First, the unemployment began right when our third child was born. Oh! Ha ha! I just realized that this sounded ironic, though it wasn’t meant to…Why would I be happy that my husband and I are unemployed right when we have our third child??? Well, several reasons:

  1. One could say that I haven’t seen my husband for an entire year due to his employment (before August, when he became unemployed). He was working on movie after movie after movie, and therefore, he was never home. Mind you, I don’t complain about his work hours due to years of unemployment a while back–I’m always thankful employment, always have been, it’s just the way I am…Nevertheless, this 2-month bout of unemployment=God send for my family.
  2. I haven’t spent nearly enough time with my children during 2008 and for a few years before that. Why? Because of my employment. I do work hard to balance work and family, and sometimes I do a great job! But sometimes I do a lousy job, and family is far too important for that. So, occasional unemployment is a perfect cure! Thank goodness I had 2 months to think this through thoroughly:)
  3. My husband and I had savings (though shamefully small) to fall back on. Not a ton, but enough. Remember, half of our marriage, we had employment issues (okay, he did, not me, and by “issues” I mean he had no job) BUT…the other half we have moved a thousand times and stuff=costly. So, it was hard to build savings. But we deprived ourselves of many nice things and we built one. And now we have spent it. HAHAHHHA. So amusing. Oh, but main point: We had it when we needed it.
  4. My husband and I are officially employed as of Monday. Back to normal for us–on a holiday nonetheless. After a 2-month holiday, I won’t complain. But many people are not so lucky. This is disturbing me a great deal, and I keep trying to think of ways to help. I may have one or two ways to help on a small scale–but they may not help very much…We shall see.

So, I’m in one of my occasional (alright, almost non-existent) deep moods. In a way, our country, and apparently the entire world, is lucky to be experiencing this recession. We’ll learn to spend time with our families, help each other more, and once again after a few decades, college grads will be grateful for, not scornful about, their first jobs. People will be thankful for their possessions and not constantly trying to upgrade, outdo, redo, and purchase anew…

So, on one hand, I’m really thankful. Unfortunately, I keep coming back to this–ya know, some children are going to have a hard time getting a meal because their parents can’t find work. This thought is very difficult to cope with. It’s making me really sad.

Apparently, Everyone Does Everything Incorrectly

Friday, October 3rd, 2008

My husband is a know-it-all. He can correct anyone or anything, and he doesn’t find that annoying, insecure, or at all offensive.

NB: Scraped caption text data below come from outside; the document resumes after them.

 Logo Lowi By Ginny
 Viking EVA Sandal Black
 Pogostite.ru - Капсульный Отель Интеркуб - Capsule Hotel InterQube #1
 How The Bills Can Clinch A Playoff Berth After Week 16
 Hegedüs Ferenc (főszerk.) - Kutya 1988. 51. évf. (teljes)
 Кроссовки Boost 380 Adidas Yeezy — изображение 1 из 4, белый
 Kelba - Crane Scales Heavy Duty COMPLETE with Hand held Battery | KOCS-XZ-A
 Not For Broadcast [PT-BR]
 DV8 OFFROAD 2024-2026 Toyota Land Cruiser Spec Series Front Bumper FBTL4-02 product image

We were in my child’s karate class the other day. The teacher is like 35 and has studied karate for at least 15 years, um like probably 8 or 9 years LONGER than my husband studied wrestling…Notice I said wrestling, and NOT karate.

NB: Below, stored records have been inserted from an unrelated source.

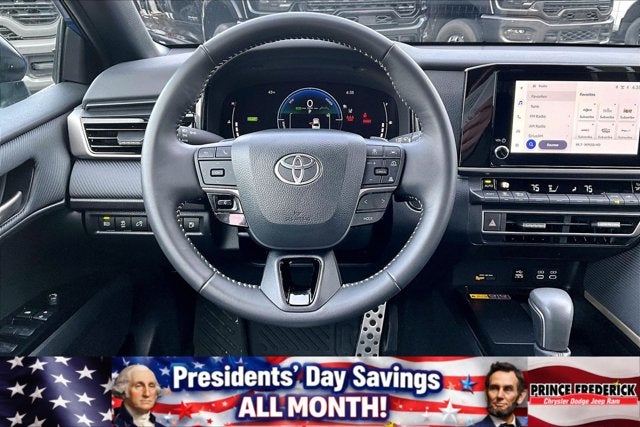 2025 Toyota Camry Base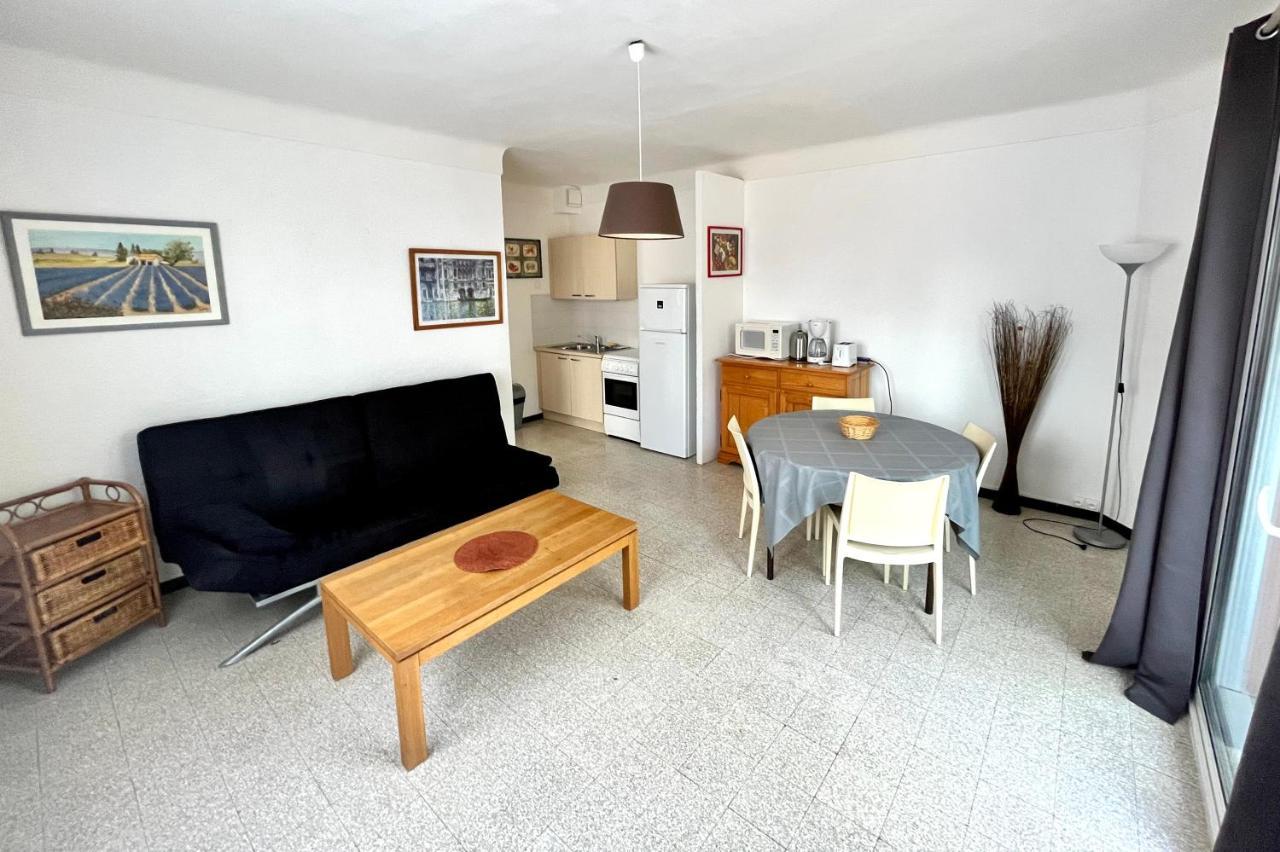 Domaine Des Mimosas Apartment อาร์เจเลส-ซัวร์-แมร์ ภายนอก รูปภาพ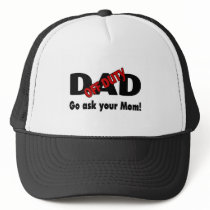 Go Your Ask Your Mom (Off Duty Dad)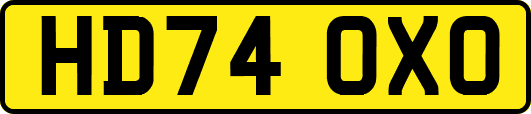 HD74OXO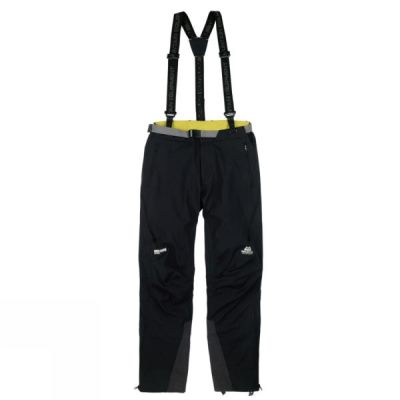 Pantalones Mountain Equipment G2 Mountain Hombre - Negras - Chile JLR091785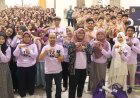 Unsoed Gelar Sekolah Kebangsaan Tular Nalar Mafindo di SMA ZIIS Cilongok
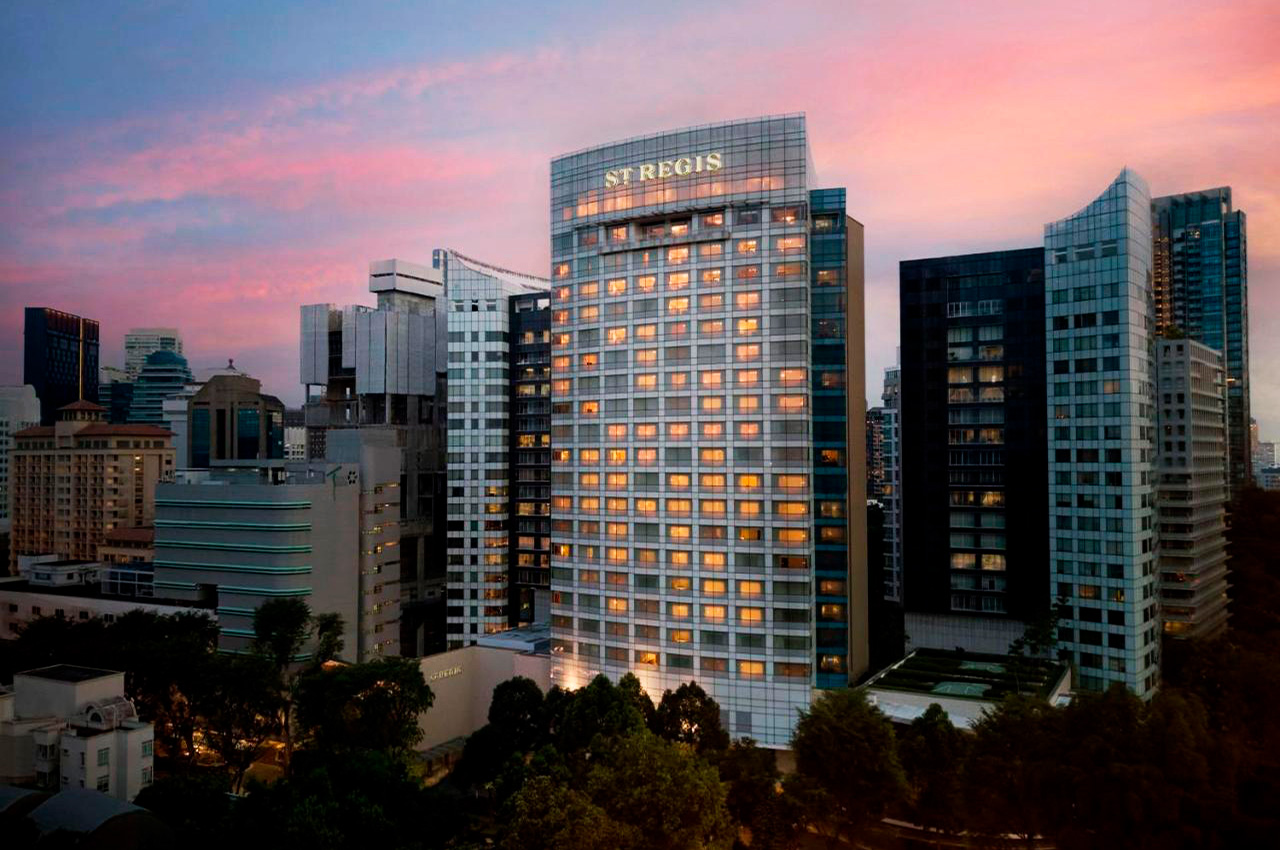 ST.REGIS HOTEL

She said there are something like 15 “judo sweeps” they’ll learn, and she would teach them one of them during this particular class. I know nothing about martial arts or anything vaguely even related to sports or exercise, BUT I gather that a “judo sweep” is a judo move where you make another person fall down.

She explained and demonstrated the judo sweep, and my husband whispers to me, “Ha! That’s not the way to do that move.”

I was like, “Uhhh first of all  you never studied karate. Wrestling is not karate. Secondly, she said there are 15 judo sweeps. This is probably a different one than the one you’re thinking of.”

He responds, “Nope. I know all of them. This is the same one. I guess she’s doing it correctly, but I know a trick that she’s not teaching them.”

I said, “Dear, I’m sure she knows the ‘trick’ you know. She just doesn’t want to confuse the children.” What I really meant by this was, “Shut up, please.” But I didn’t want to hurt his feelings because I love him, despite things like this.